Re: Better Upgrades

From: Craig Ringer <craig(at)2ndquadrant(dot)com>
To: David Fetter <david(at)fetter(dot)org>
Cc: PostgreSQL Development <pgsql-hackers(at)postgresql(dot)org>
Subject: Re: Better Upgrades
Date: 2018-02-06 00:45:37
Message-ID: CAMsr+YHYMfq7f36nsObuzrnOUKGSyGtieh7rb36-+vP9AHw=7g@mail.gmail.com
Views: Raw Message | Whole Thread | Download mbox | Resend email
Thread:
Lists: pgsql-hackers

On 6 February 2018 at 08:09, David Fetter <david(at)fetter(dot)org> wrote:

> Folks,
>
> While chatting with Bruce about how to make something better than
> pg_upgrade, we (and by "we," I mean mostly Bruce) came up with the
> following.
>
> What needs improvement:
>
> - pg_upgrade forces a down time event, no matter how cleverly it's done.
> - pg_upgrade is very much a blocker for on-disk format changes.
>
> The proposal:
>
> - Add a new script--possibly Perl or Bash, which would:
> - Initdb a new cluster with the new version of PostgreSQL and a
> different port.
> - Start logical replication from the old version to the new
> version.
> - Poll until a pre-determined default amount of replication lag was
> observed, then:
> * Issue an ALTER SYSTEM on the new server to change its port to the
> old server's
> * Issue a pg_ctl stop -w to the old server
> * Issue a pg_ctl restart on the new server
> * Happiness!
>
> Assumptions underlying it:
>
> - Disk and similar resources are cheap enough for most users that
> doubling up during the upgrade is feasible.
> - The default upgrade path should require exactly one step.
> - Errors do not, by and large, have the capacity to violate an SLA.
>
> The proposal has blockers:
>
> - We don't actually have logical decoding for DDL, although I'm given
> to understand that Álvaro Herrera has done some yeoman follow-up
> work on Dimitri Fontaine's PoC patches.
>

Yep, some DDL support would be key. Lots of apps expect to do DDL online
(automatic migrations, etc), and after all it's been one of Pg's selling
points for a long time. Not having it means people have to do much more
prep - and *will* ignore that prep and break things if you expose it as an
easy to use tool.

You will find dealing with DDL that does full table rewrites to be a
challenge. Especially ALTER TABLEs that add a DEFAULT using a non-IMMUTABLE
expression and ALTER TYPE ... USING with a non-IMMUTABLE expression. But
even for the immutable cases some work is needed to let us cleanly
replicate the DDL.

Some DDL may initially need to be disallowed because it plays poorly with
logical decoding, e.g.
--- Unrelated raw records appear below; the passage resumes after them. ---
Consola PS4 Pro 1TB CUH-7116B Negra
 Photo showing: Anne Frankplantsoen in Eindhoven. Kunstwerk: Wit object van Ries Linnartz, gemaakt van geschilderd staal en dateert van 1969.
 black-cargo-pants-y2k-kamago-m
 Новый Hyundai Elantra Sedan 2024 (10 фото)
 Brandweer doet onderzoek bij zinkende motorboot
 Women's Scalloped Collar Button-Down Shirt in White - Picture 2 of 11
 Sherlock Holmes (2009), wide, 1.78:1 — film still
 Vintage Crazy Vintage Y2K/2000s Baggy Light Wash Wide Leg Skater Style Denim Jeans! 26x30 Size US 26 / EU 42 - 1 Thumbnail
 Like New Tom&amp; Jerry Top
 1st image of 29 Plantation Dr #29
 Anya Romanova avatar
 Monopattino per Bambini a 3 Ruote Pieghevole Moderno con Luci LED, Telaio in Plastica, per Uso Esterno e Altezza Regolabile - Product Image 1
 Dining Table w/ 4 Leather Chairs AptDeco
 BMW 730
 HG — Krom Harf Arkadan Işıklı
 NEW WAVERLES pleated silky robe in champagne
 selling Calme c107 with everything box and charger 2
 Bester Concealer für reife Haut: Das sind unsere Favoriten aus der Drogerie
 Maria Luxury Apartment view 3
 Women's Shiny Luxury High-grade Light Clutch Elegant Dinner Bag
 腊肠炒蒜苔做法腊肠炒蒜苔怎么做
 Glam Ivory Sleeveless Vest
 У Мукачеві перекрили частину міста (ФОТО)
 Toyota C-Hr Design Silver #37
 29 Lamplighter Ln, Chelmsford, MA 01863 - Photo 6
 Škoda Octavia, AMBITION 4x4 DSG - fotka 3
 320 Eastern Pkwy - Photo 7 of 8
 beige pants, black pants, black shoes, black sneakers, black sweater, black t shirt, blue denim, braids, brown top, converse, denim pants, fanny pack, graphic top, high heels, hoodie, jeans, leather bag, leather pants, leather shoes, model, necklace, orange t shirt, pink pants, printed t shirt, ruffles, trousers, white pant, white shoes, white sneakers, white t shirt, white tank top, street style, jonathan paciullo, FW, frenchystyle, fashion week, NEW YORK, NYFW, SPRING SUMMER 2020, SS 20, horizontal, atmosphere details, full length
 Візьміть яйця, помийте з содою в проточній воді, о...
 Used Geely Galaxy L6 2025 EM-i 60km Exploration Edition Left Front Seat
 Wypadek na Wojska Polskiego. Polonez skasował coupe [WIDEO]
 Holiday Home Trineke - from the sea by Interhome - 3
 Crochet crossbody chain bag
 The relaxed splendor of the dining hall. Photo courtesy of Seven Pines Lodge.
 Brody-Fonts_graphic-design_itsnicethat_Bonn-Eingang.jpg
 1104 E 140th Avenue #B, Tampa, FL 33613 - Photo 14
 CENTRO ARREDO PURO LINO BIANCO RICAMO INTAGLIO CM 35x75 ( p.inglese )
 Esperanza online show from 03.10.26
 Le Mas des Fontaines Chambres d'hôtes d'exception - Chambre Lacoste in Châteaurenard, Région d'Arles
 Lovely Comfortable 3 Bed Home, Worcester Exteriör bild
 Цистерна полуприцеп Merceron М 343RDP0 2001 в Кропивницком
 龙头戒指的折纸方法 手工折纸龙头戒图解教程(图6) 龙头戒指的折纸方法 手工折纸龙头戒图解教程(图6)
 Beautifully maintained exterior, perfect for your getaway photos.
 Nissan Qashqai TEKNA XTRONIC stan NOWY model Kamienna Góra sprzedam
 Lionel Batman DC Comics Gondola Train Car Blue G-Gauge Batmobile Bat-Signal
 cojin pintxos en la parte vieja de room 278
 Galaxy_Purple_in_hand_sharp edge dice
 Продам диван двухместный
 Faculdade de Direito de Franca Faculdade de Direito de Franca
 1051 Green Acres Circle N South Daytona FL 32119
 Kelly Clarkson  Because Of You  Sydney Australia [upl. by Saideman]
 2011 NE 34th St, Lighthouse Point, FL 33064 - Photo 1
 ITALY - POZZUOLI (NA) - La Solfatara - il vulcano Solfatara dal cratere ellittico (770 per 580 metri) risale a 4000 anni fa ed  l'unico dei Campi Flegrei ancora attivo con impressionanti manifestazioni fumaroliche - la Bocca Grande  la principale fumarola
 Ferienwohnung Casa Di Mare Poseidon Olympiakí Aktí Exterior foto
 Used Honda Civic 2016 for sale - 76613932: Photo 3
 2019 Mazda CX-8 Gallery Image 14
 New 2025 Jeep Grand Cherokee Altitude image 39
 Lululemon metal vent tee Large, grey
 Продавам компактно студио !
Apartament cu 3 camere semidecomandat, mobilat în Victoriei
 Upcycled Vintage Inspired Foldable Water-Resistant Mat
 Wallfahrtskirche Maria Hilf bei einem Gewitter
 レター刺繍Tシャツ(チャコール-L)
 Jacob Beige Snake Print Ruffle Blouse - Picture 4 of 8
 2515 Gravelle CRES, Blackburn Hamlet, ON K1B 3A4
CREATE INDEX CONCURRENTLY. It's fixable, it just
requires special case handling where the apply side understands that
specific statement and knows how to recover if we have an error partway
through applying it.

We (2ndQuadrant) routinely do online migrations like this using pglogical,
which is a much more capable tool than in-core logical replication
currently is. But it still requires careful preparation and application
qualification, and preferably a trial run. Improvements in schema change /
DDL handling would be needed to address that.

Logical decoding doesn't support a number of postgres features, which still
rules its use out for some customers. No sequence support (though pglogical
works around that with periodic sequence sync). No pg_largeobject support.
Probably more I'm forgetting.

Long txns and txns that change huge numbers of rows, especially if they
also dirty the catalogs (even temp tables!) are a challenge. Performance
isn't great for them, but more importantly we don't start decoding them
until they commit so the replication latency for them can be very large.
Care is required to time a cutover so you don't land up stopping writes to
the old db then waiting ages before the new db is caught up.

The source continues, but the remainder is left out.